The maximum amount of time spent processing network IO in a single loop in the last 1000 seconds.

Histogram Metrics

proxy.process.eventloop.time.*ms
Collection:
global
Datatype:
integer

This is a set of statistics that provide a histogram of event loop times. Each is labeled with a value indicating the minimum time for the bucket. The maximum is less than the minimum of the next bucket. E.g. there is a "10ms" and a "20ms" statistic. The "10ms" statistic counts the number of times the event loop took at least 10ms and less than 20ms.

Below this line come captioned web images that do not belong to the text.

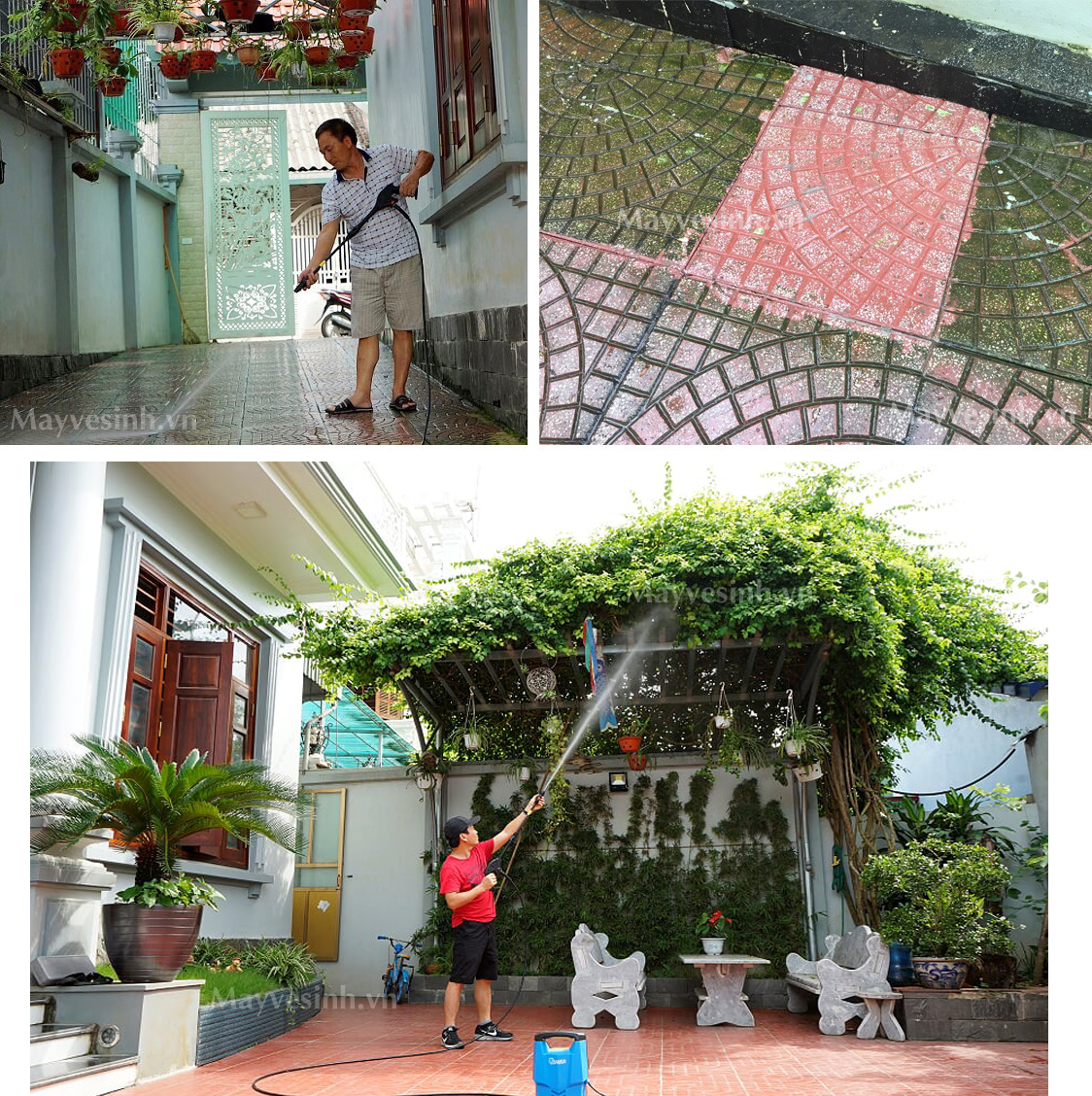 may-phun-rua-ap-luc-cao-fasa-pop-120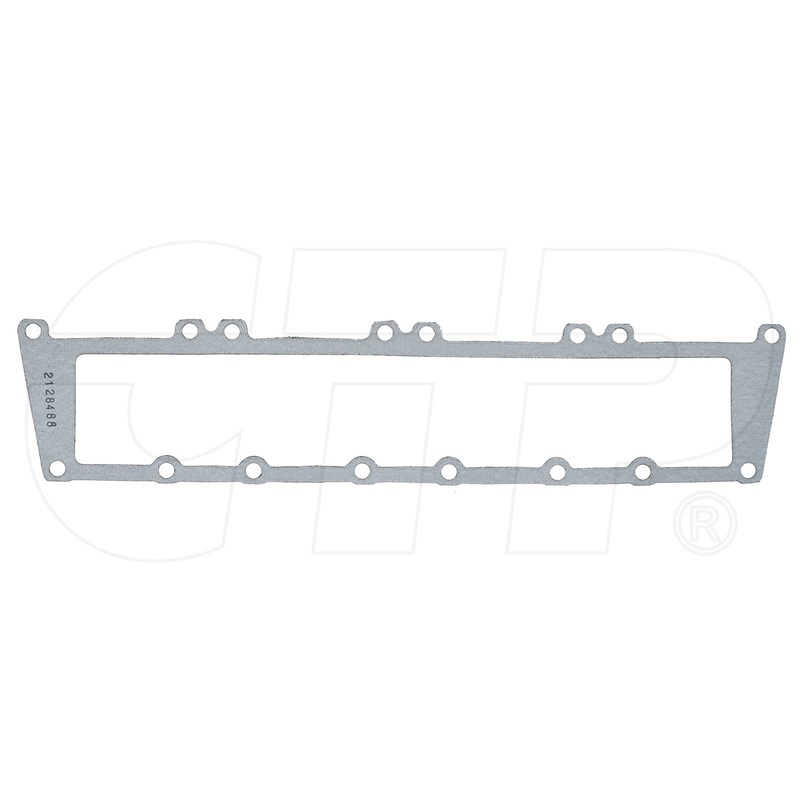 2128488 Gasket Fits Caterpillar Models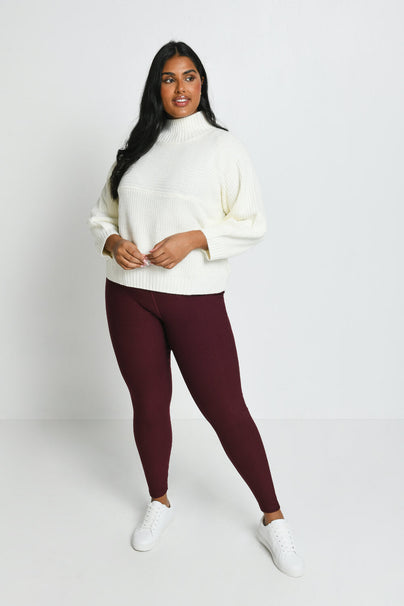 products/C_Burgundy_WinterEverydayLeggings_1_06fcf2e0-ad1c-4303-931e-7e0c83b5edc1.jpg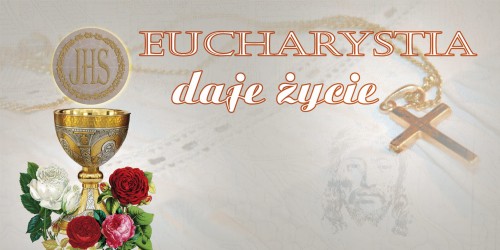 eucharystia-4.jpg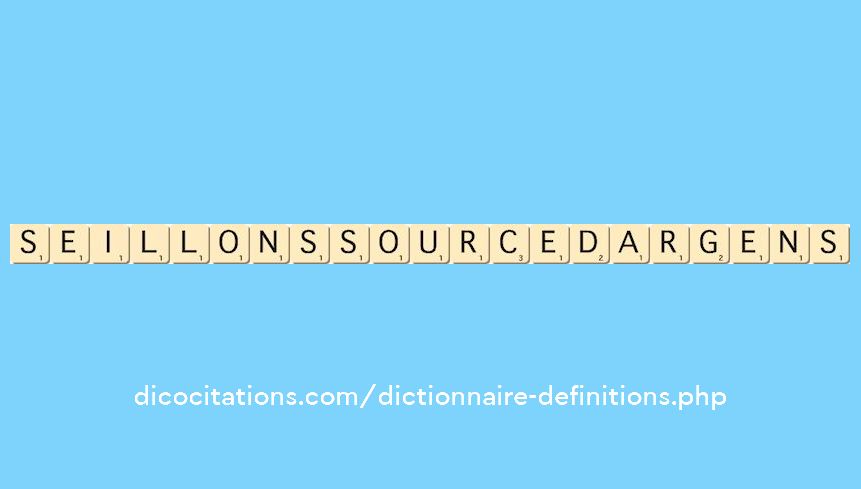 seillons-source-d-argens seillons-source-d-argens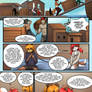 Swashbuckled Page 37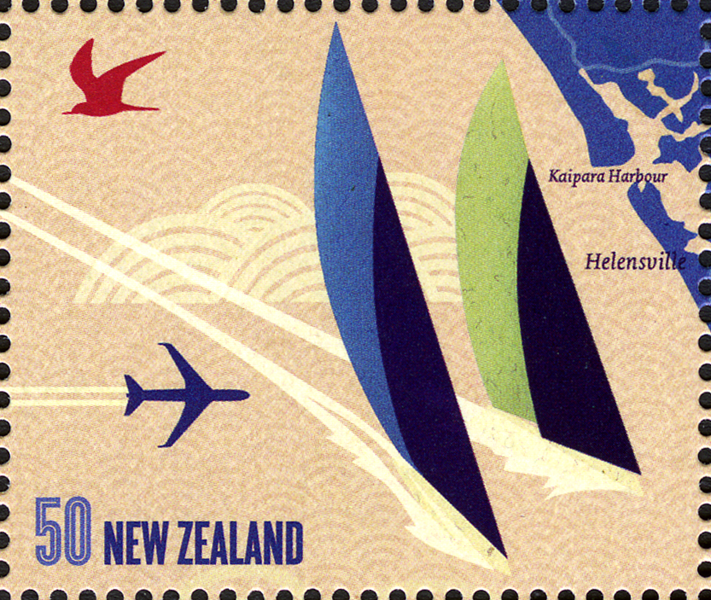NZ054.09
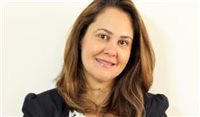 Ex-Emiliano e Preferred agora vende hotéis Trump no Brasil Ex-Emiliano e Preferred agora vende hotéis Trump no Brasil
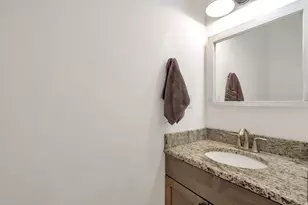 134 N Main St, Garland, UT 84312 - Photo 13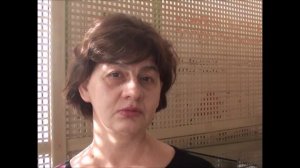 Избавление от хронических головных болей. Отзыв Беллы Гринштейн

The exception is the last bucket which has no maximum. The histogram is semi-logarithmic so that bucket sizes increase exponentially with smaller intermediate steps. Every 60 seconds the accumulated values are decreased by half to provide an exponential decay of recent activity. The current set of statistics is

proxy.process.eventloop.time.0ms 2210
proxy.process.eventloop.time.5ms 293
proxy.process.eventloop.time.10ms 1848
proxy.process.eventloop.time.15ms 1483
proxy.process.eventloop.time.20ms 0
proxy.process.eventloop.time.25ms 0
proxy.process.eventloop.time.30ms 0
proxy.process.eventloop.time.35ms 348
proxy.process.eventloop.time.40ms 0
proxy.process.eventloop.time.50ms 0
proxy.process.eventloop.time.60ms 23872
proxy.process.eventloop.time.70ms 0
proxy.process.eventloop.time.80ms 0
proxy.process.eventloop.time.100ms 0
proxy.process.eventloop.time.120ms 0
proxy.process.eventloop.time.140ms 0
proxy.process.eventloop.time.160ms 0
proxy.process.eventloop.time.200ms 0
proxy.process.eventloop.time.240ms 0
proxy.process.eventloop.time.280ms 0
proxy.process.eventloop.time.320ms 0
proxy.process.eventloop.time.400ms 0
proxy.process.eventloop.time.480ms 0
proxy.process.eventloop.time.560ms 0
proxy.process.eventloop.time.640ms 0
proxy.process.eventloop.time.800ms 0
proxy.process.eventloop.time.960ms 0
proxy.process.eventloop.time.1120ms 0
proxy.process.eventloop.time.1280ms 0
proxy.process.eventloop.time.1600ms 0
proxy.process.eventloop.time.1920ms 0
proxy.process.eventloop.time.2240ms 0
proxy.process.eventloop.time.2560ms 0

This is an idle instance therefore the values are clustered strongly on 0 (less than 5ms) and 60ms (the default wait for I/O timeout).

proxy.process.api.time.*ms
Collection:
global
Datatype:
integer

A set of statistics that provide a histogram of total time spent in plugins. This is sampled per plugin, rather than the aggregate value for milestone TS_MILESTONE_PLUGIN_TOTAL.

See proxy.process.eventloop.time.*ms for technical details.